I have been looking into PyTorch’s C++ CUDA/CPU Extension Tutorial and at PyTorch’s torch.jit.load(..)
function.
My understanding is that a CUDA kernel that is compiled for a specific shape will have a better performance than a generic CUDA kernel. (e.g. check the discussion in this link)

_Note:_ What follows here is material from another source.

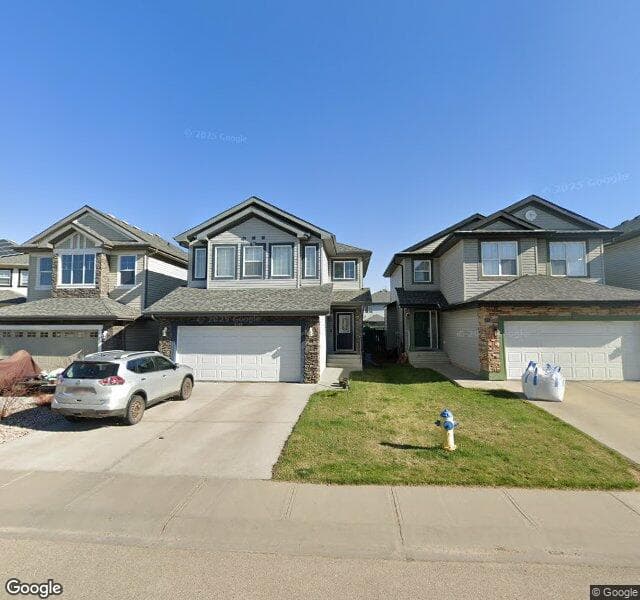 Street view of 2342 Hagen Link NW, Edmonton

Having said that, my question is: it possible to create a CUDA kernel with shapes passed as a template (and hence it will be compiled for a specific shape), e.g., something like:
#include <torch/extension.h>
#include <vector>
#include <ATen/NativeFunctions.h>
#include <ATen/Config.h>
template<c10::ArrayRef<long int> weight_size, c10::ArrayRef<long int> padding,
c10::ArrayRef<long int> stride, c10::ArrayRef<long int> dilation>
at::Tensor conv2d_forward(
const at::Tensor& input,
const at::Tensor& weight,
int64_t groups,
bool benchmark,
bool deterministic) {
// TODO: define kernel here
}
PYBIND11_MODULE(TORCH_EXTENSION_NAME, m) {
m.def("conv2d_forward", &conv2d_forward, "Conv2d forward");
}
and then when JITTing pass the shape and related parameters:
from torch.utils.cpp_extension import load
conv2d_ours = load(name="conv2d_forward", sources=["conv2d_forward.cpp"], params=[ "weight_size" = weight_size, "padding"=padding, "stride"=stride, "dilation"=dilation], verbose=True)

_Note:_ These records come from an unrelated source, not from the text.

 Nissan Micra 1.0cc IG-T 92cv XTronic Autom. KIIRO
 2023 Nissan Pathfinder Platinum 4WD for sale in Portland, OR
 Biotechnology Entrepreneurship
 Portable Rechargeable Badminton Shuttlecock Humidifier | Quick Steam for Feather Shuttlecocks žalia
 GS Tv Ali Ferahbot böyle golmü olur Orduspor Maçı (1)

Ideally, before invoking the convolution op, we look at the shape parameters and check if there has been a previously JITed version for the same parameters. If there exists, then we just invoked that pre-compiled kernel, else JIT compile the kernel and invoke it.
My understanding is that high-level compilers, like XLA and TVM, JIT compile kernels to specific shapes to enhance performance. It will be great if we can do something similar in PyTorch.